ELECTRON BEAM COLLECTOR 2273199 The present invention relates to an

electron beam collector and is applicable to a conduction cooled collection capable of highly depressed operation without voltage breakdown.

Many electronic devices employ a travelling stream of charged particles, such as electrons, formed into a beam as an essential function in the device's operation. In a linear beam device, an electron beam originating from an electron gun is caused to propagate through a tunnel, or drift tube, generally containing an RF interaction structure. Within the interaction structure, the beam must be focused by magnetic or electrostatic fields in order for it to be effectively transported through the interaction structure without energy loss.
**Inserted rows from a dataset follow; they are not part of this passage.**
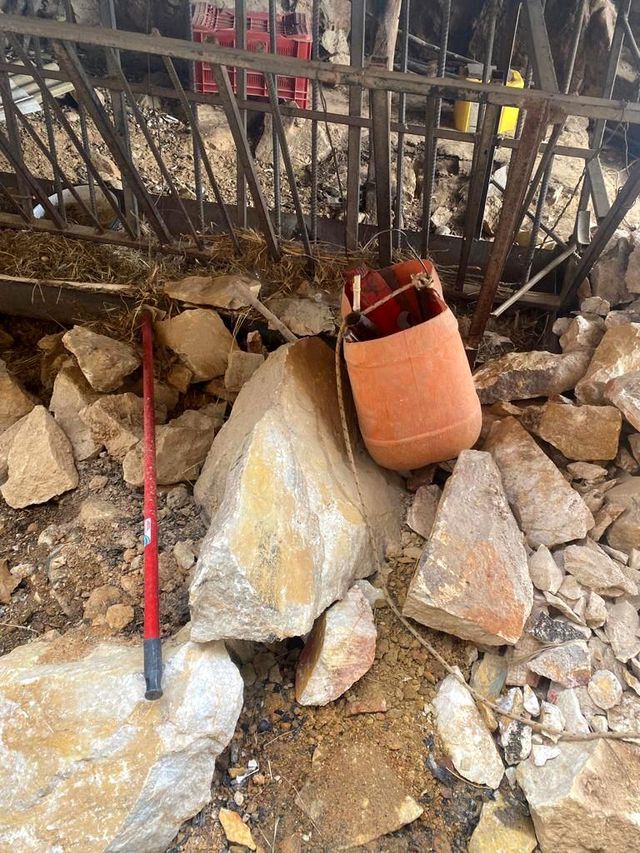 Bursa'da yok artık dedirten olay: Evin içinde kazı yaparken yakalandı Bursa'da yok artık dedirten olay: Evin içinde kazı yaparken yakalandı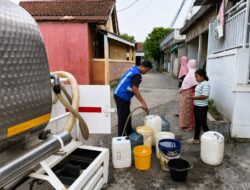 WTP Mobile dan Tangki Air Tirta Kahuripan Siaga di Titik Rawan Kekeringan Bogor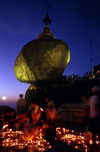 Myanmar - Kyaiktiyo - Mon State: golden rock - light festival - photo by W.Allgwer - Der Goldene Fels mit der darauf befindeten Kyaiktiyo-Pagode ist eine der heiligsten buddhistischen Sttten in Myanmar. Whrend dem drei Tage dauernden Lichterfests (Dewa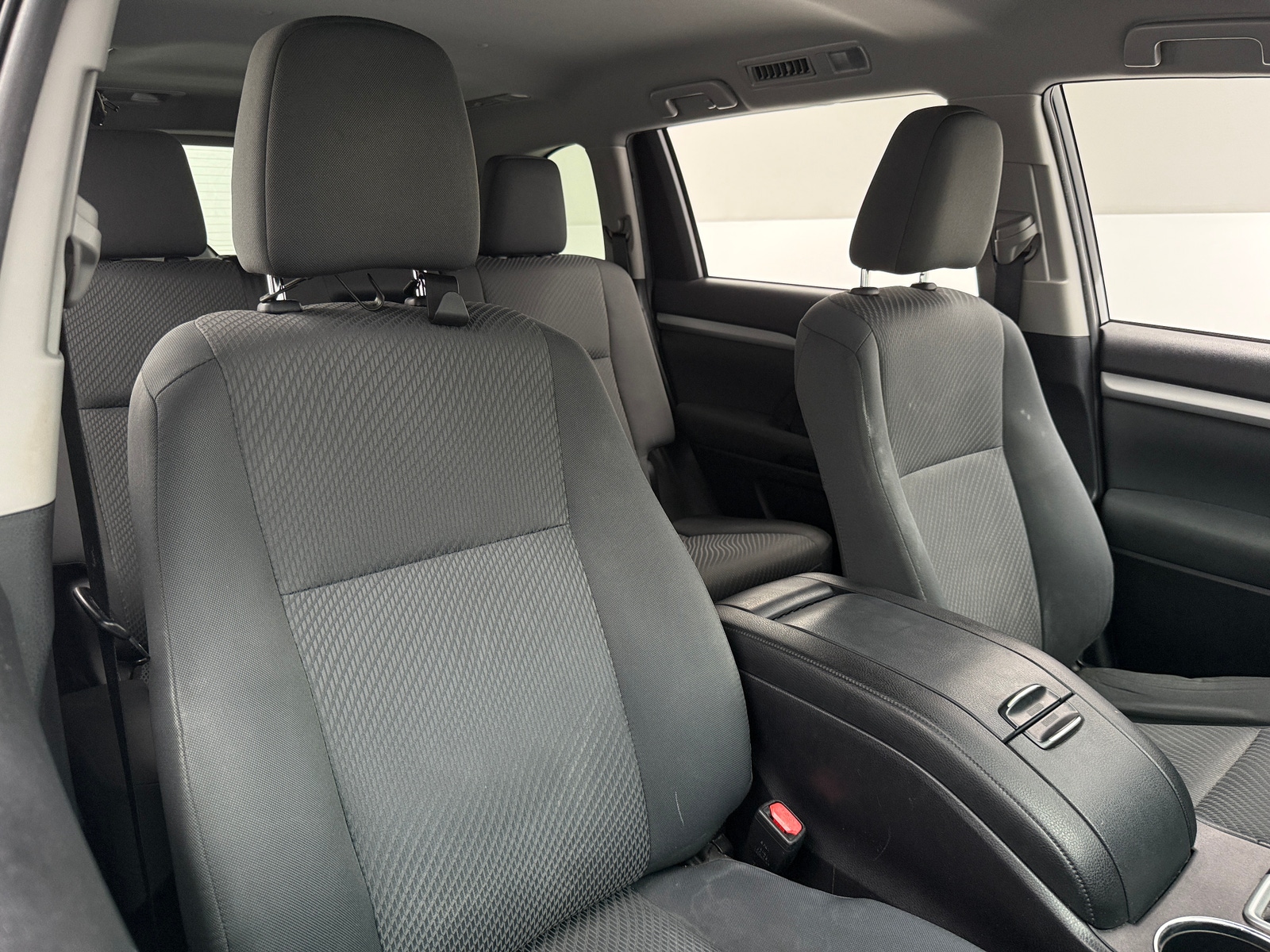 Thumbnail: 2019 Toyota Highlander - 2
In the interaction strupture, kinetic energy is transferred from the moving electrons of the beam to an electromagnetic wave that is propagating through the interaction region at approximately the same velocity as the moving electrons. The electrons give up energy to the electromagnetic wave through an exchange process characterised as electronic interaction, which is evident by a reduced velocity of the electron beam from the interaction region.

These "spenC electrons pass out of the Interaction region where they are incident upon and collected by a final element, termed the collector. The collector collects and returns the incident electrons to the voltage source. Much of the remaining energy in the charged particles is released in the form of heat when the particles strike a stationary element, such as the walls of the collector.

The electron collector can either be mounted directly to the body of the RF device containing the RF interaction structured, or can be electrically isolated from the structure. Isolated collectors are capable of operating at a significantly lower voltage than that of the RF device, and are known as depressed collectors. By operating the collector at a depressed state, the electric field within the collector slows the moving electrons so that the electrons can be collected at a reduced velocity. This method increases the electrical efficiency of the RF device as well as reducing undesirable heat generation within the collector. Depressed collectors are discussed in U. S. Patent No. 4,794,303, which is incorporated herein by reference.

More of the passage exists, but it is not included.